Penumpang silih berganti masuk kereta saat kereta komuter berhenti di stasiun. Penampilan mereka pun beragam. Dari yang berseragam resmi sebuah perusahaan, menggunakan batik, kemeja, hingga hanya menggunakan kaos oblong.
Tujuan mereka pun berbeda, tetapi banyak di antaranya berangkat untuk bekerja. Ada pegawai swasta, penjaga toko, hingga pedagang sayur yang memulai perjuangannya di KRL ini.
Perjuangan dimulai dari mereka harus berbagai tempat tempat dengan barang bawaan penumpang lain yang terlihat lebih banyak dibandingkan di jam lain. Pasalnya, banyak pedagang dari Banten yang akan berdagang di pasar Jakarta sehingga mereka membawa banyak barang, terutama sayuran dan makanan.
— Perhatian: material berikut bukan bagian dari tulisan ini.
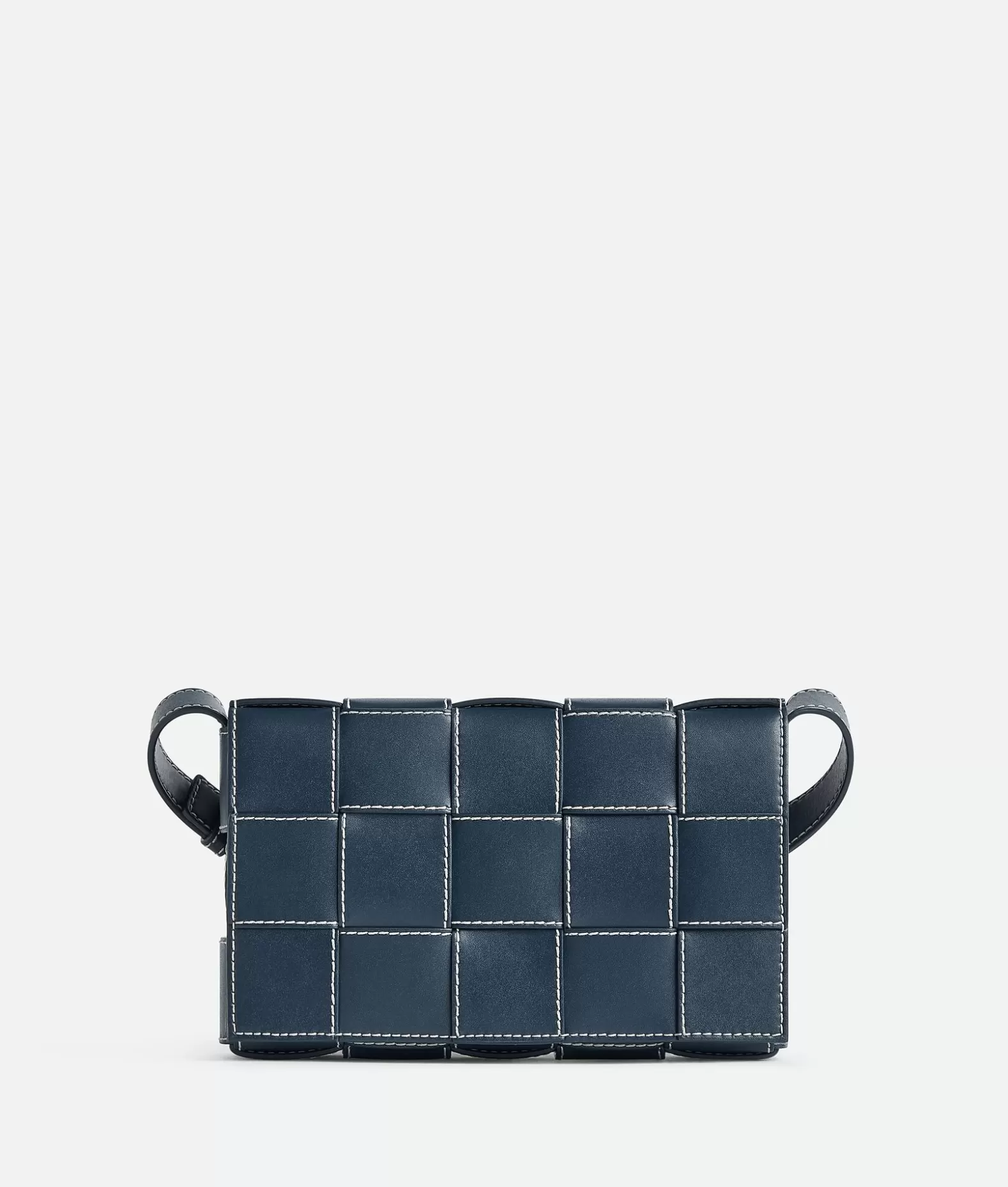 A Tracolla^Bottega Veneta Cassette Deep blue/natural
Aminah (40) misalnya, ia naik dari Stasiun Sudimara menuju Stasiun Kebayoran membawa dua keranjang besar berisi nasi pecel dagangannya. Karena tempat penyimpanan barang tidak cukup menampung keranjangnya, maka ia menyimpan keranjang itu di lantai.
"Tiap hari begini, saya berangkat sendiri. Pikul satu keranjang di kepala, satu di tangan menuju stasiun. Di kereta (commuter) saya senang bisa santai apalagi kalau dapat tempat duduk. Nanti sampai di Kebayoran baru keliling pikul keranjang lagi," kata Aminah, sambil tersenyum.
Walau terlihat berat, Aminah tetap berusaha mensyukuri aktivitas itu. Aminah juga mengatakan senang menggunakan kereta komuter karena bisa bertemu pedagang lain dan saling sapa.
Di kereta komuter pertama ini memang banyak ditumpangi pedagang sayuran, buah, dan makanan. Mereka umumnya berhenti di Stasiun Palmerah untuk berjalan lagi menuju Pasar Palmerah tempat mereka berdagang.
Penumpang KRL memiliki tujuannya masing-masing dengan beragam aktivitas yang mereka tuju. Namun, mereka memiliki tantangan yang sama, bertahan di ibukota dengan cara yang berbeda. Terpenting, bukan sekedar bertahan, tetapi menikmati dan mensyukuri kehidupan.